When a 29-year old white contractor named Kristopher Clarke went missing from the Fort Berthold Reservation in 2012, Yellowbird-Chase felt compelled to investigate. Soon, she became obsessed, chasing down leads, interviewing possible witnesses, staying up until all hours piecing together clues. She forged an uncomfortable friendship with Clarke’s estranged mother, made enemies of the people she believes were involved in Clarke’s disappearance, and discovered a rotten core lurking beneath the surface of her small community.

Murdoch, a journalist, details the effect the Bakken oil boom has had on North Dakota and specifically on the Mandan Hidatsa Arikara Nation—the tremendous influx of wealth, outside interests, and lawlessness that pervades Yellowbird-Crane’s reservation. Murdoch shows us the historic and ongoing tragedies of exploitation—of both natural resources and people. She also deftly captures the essence of Yellowbird-Chase, at times scattered and brusque, at others laser-focused, manipulative—even charming. Murdoch recognizes that her own white privilege is problematic in sharing Yellowbird-Chase’s story. Her bona fides: her long tenure reporting on the American West and specifically issues in Indian Country. Murdoch was a contributing editor for High Country News.

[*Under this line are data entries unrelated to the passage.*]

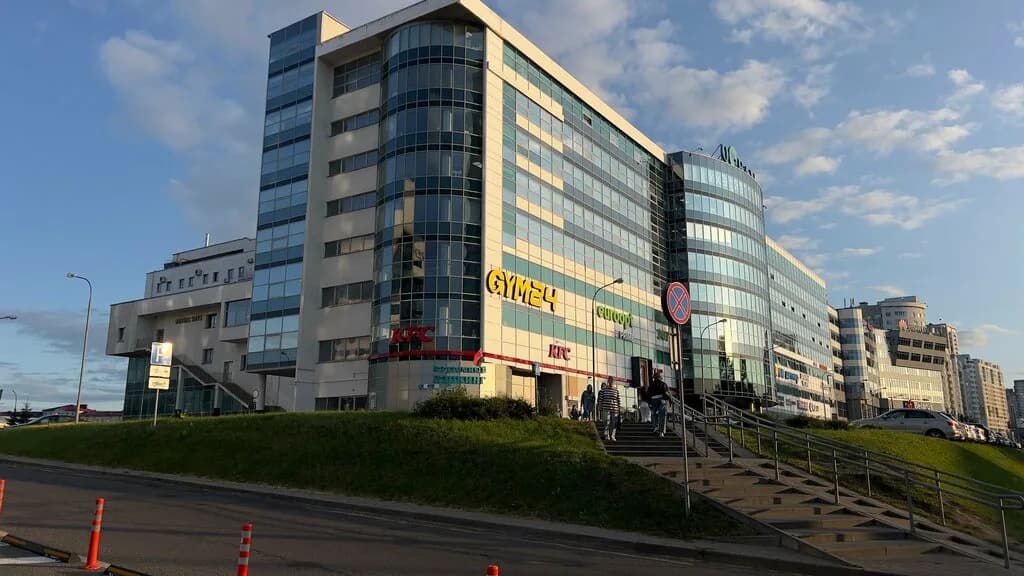 Фитнес-клуб Gym24 Грушевка (Джим24) — фото 3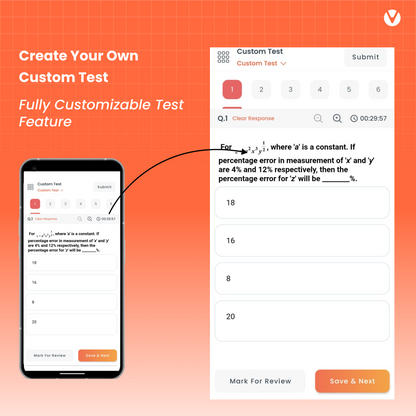 Digital-Only: Vedantu JEE Main Replica PCM for JEE Main 2026 by Vedantu Master Teachers – Digital Access on Pedagogy App | Activation Link via Email & WhatsApp in 2 Hours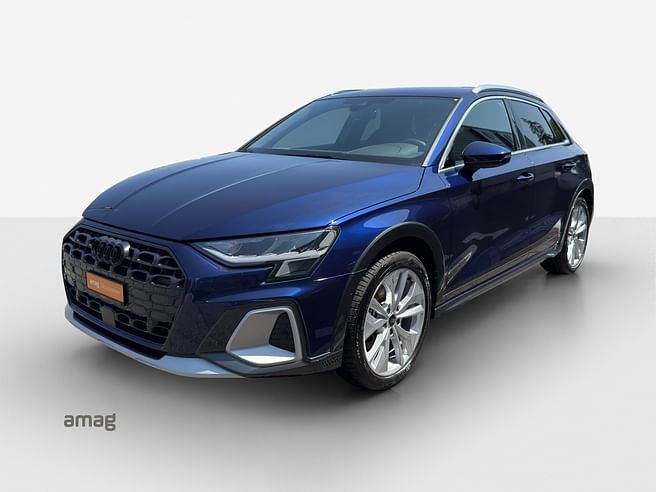 AUDI A3 allstreet 35 TDI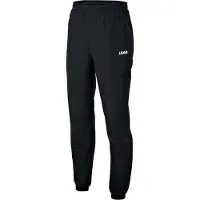 Jako Sportbroek 'Team 2.0' zwart / wit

Yellowbird-Chase does not approach cases in a linear fashion, and neither does Murdoch in telling her story. Those wishing for a straightforward narrative of Clarke’s murder and the subsequent path to justice may be disappointed. But others willing to dig in to the book will come to appreciate the complexity and sadness of the work to be done, and the strength and unique dedication that Yellowbird-Chase brings to this terrible endeavor.

Christine Perkins is the executive director of the Whatcom County Library System (WCLS). WCLS brings the power of sharing to rural Whatcom County, including a wide variety of online resources at https://www.wcls.org/info. All branches of WCLS are open to the public.

(Originally published in Cascadia Weekly, Wednesday, October 6, 2021.)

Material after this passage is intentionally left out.